■ Assignment:
The required output is the exact run of lines from the one bearing "Kawaii fox character" through the final line of the listing below, with the pictures removed.

■ Recorded information:
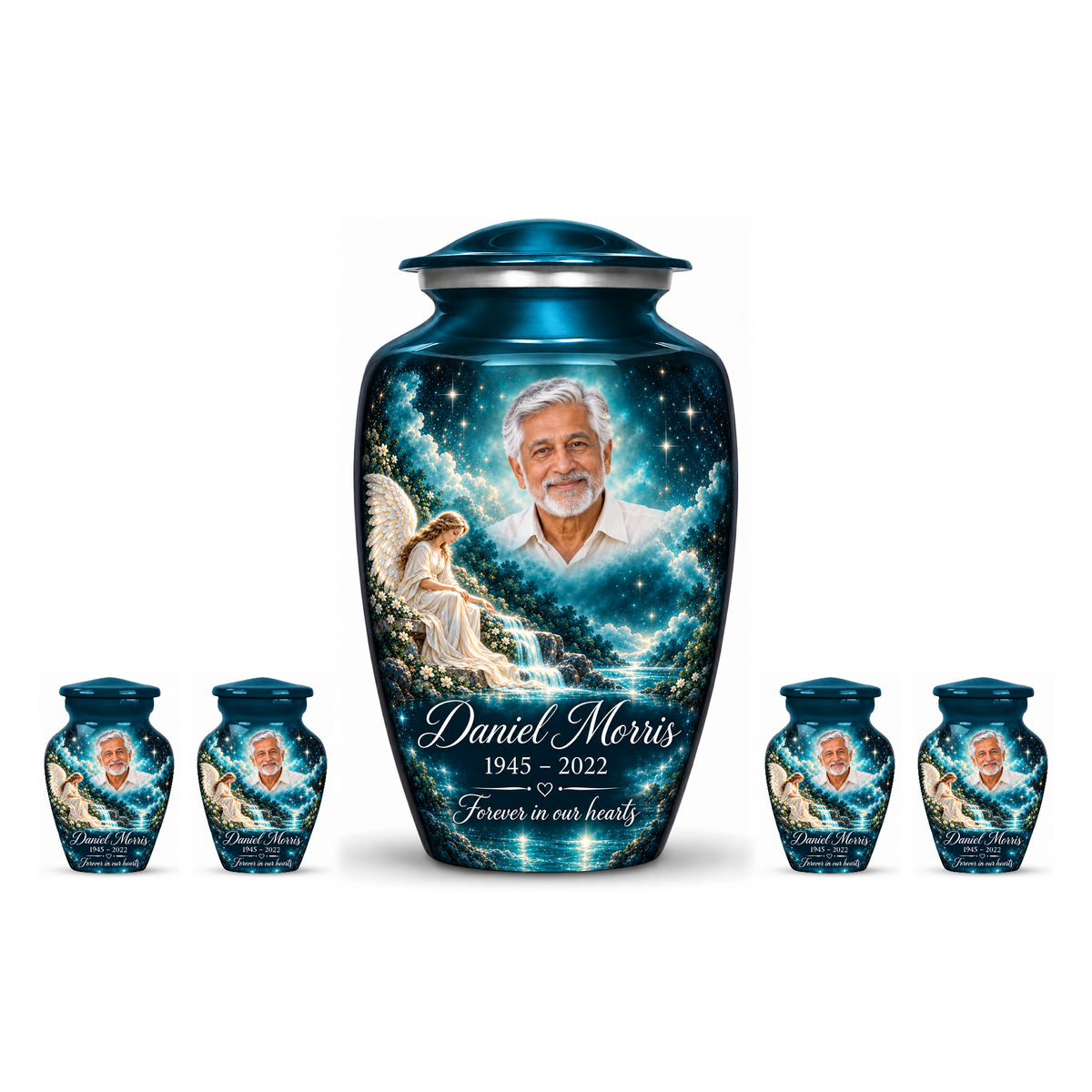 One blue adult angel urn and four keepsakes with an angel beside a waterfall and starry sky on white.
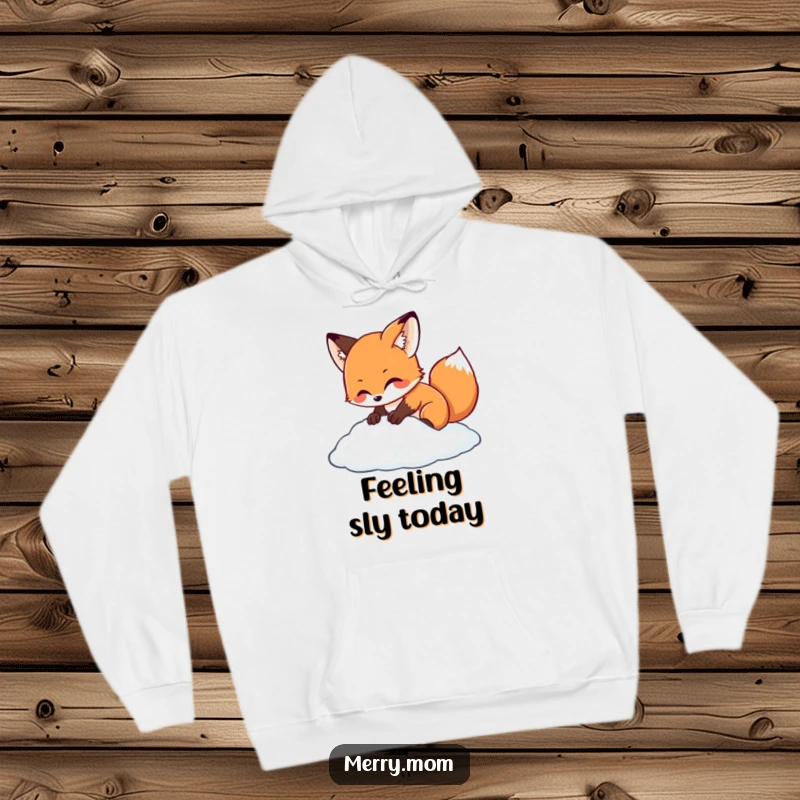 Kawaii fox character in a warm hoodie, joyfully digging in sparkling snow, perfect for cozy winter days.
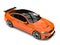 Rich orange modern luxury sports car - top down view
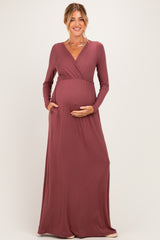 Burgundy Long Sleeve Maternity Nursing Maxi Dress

■ Reply:
 Kawaii fox character in a warm hoodie, joyfully digging in sparkling snow, perfect for cozy winter days.
 Rich orange modern luxury sports car - top down view
 Burgundy Long Sleeve Maternity Nursing Maxi Dress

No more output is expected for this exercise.